* [WHAT IS BEING ASKED] With the pictures left out, retype exactly the lines below starting at the line that contains "Enjoy Kuzu Etli" and ending at the line that contains "Kitchen Stainless Steel".

* [DATA]
──────────────────────────────

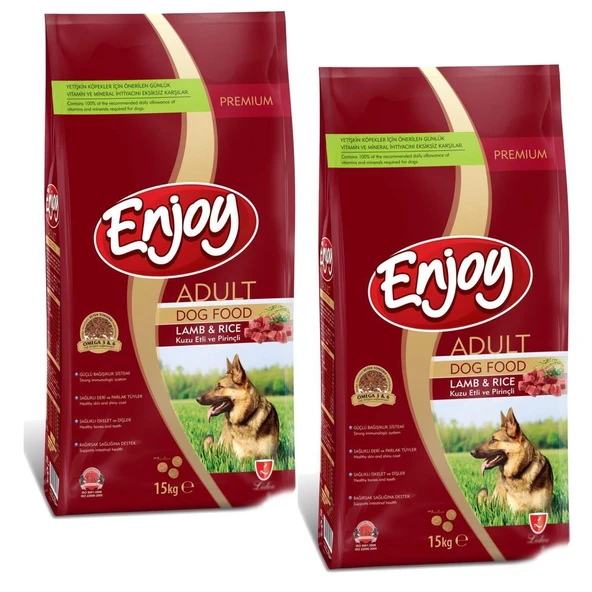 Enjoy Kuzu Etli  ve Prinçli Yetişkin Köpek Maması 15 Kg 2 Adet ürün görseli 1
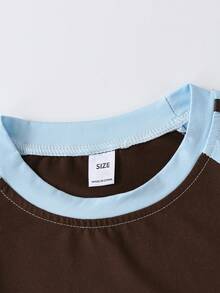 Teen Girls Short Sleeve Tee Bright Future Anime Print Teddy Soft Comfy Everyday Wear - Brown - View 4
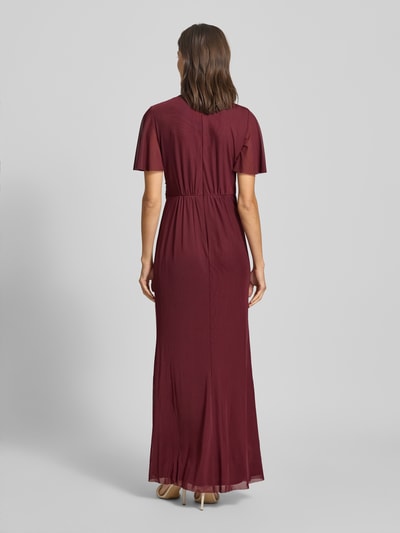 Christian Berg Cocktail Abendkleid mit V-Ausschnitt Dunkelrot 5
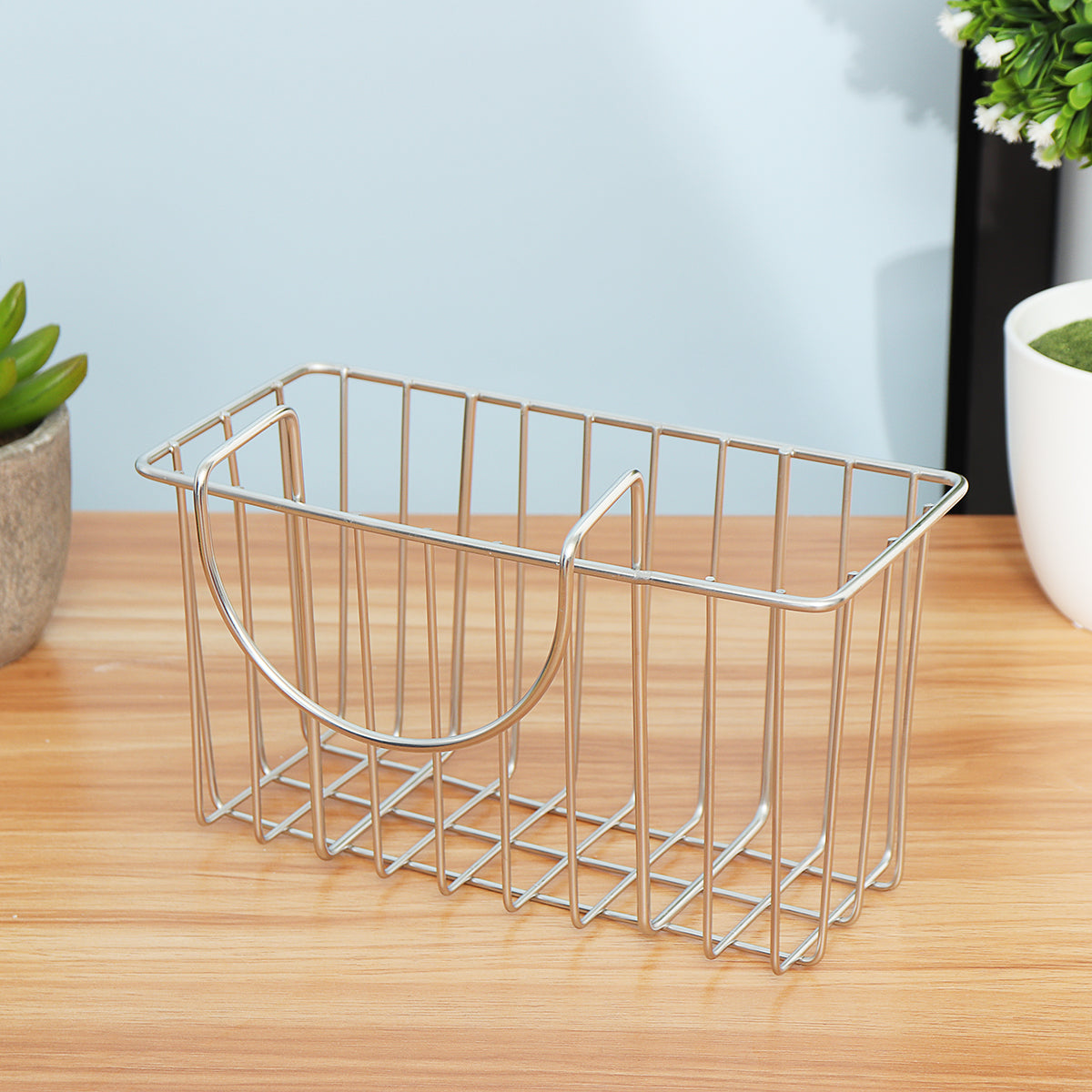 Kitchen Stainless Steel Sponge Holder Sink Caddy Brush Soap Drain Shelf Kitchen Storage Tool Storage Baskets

──────────────────────────────

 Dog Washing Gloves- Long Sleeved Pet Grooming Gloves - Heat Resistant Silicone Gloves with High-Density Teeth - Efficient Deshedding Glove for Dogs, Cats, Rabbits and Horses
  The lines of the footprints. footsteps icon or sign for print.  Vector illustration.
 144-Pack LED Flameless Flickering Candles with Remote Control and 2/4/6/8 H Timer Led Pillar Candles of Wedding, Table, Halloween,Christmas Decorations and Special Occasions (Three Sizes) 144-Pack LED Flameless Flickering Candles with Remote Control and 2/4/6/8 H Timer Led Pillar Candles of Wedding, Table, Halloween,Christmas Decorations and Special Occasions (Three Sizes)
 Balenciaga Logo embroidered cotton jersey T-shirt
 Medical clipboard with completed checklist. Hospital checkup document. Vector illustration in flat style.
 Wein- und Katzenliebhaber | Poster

──────────────────────────────

* [SOLUTION TO THE EXERCISE]
 Enjoy Kuzu Etli  ve Prinçli Yetişkin Köpek Maması 15 Kg 2 Adet ürün görseli 1
 Teen Girls Short Sleeve Tee Bright Future Anime Print Teddy Soft Comfy Everyday Wear - Brown - View 4
 Christian Berg Cocktail Abendkleid mit V-Ausschnitt Dunkelrot 5
 Kitchen Stainless Steel Sponge Holder Sink Caddy Brush Soap Drain Shelf Kitchen Storage Tool Storage Baskets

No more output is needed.